**WHAT YOU WILL DO**
Go through the listing below and retype exactly the lines starting at the one with "Corn poppy in" and ending at the one with "bibit anggur varian tornado", skipping pictures.

**ENTRIES PROVIDED**
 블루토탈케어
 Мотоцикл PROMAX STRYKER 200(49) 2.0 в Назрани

* * *

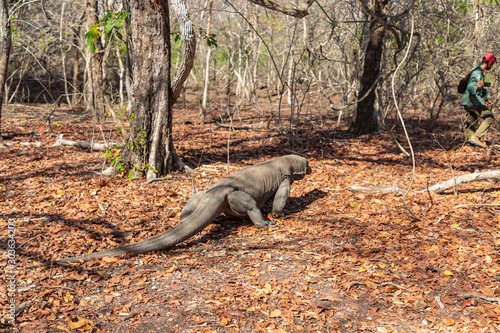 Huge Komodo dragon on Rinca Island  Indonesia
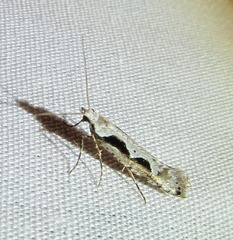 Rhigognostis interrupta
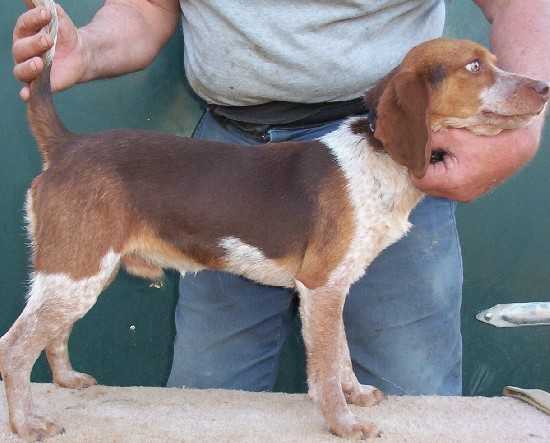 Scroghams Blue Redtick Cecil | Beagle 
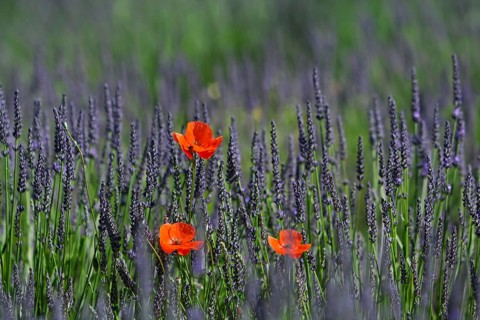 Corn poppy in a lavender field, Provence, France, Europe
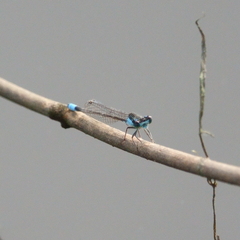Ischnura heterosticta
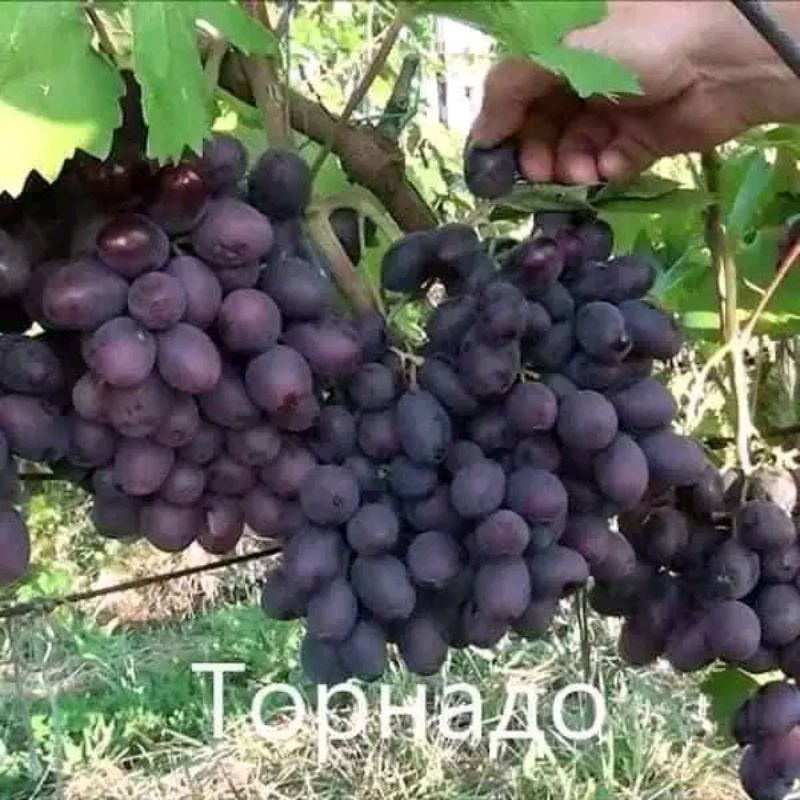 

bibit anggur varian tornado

**WRITTEN RESPONSE**
 Corn poppy in a lavender field, Provence, France, Europe
Ischnura heterosticta

bibit anggur varian tornado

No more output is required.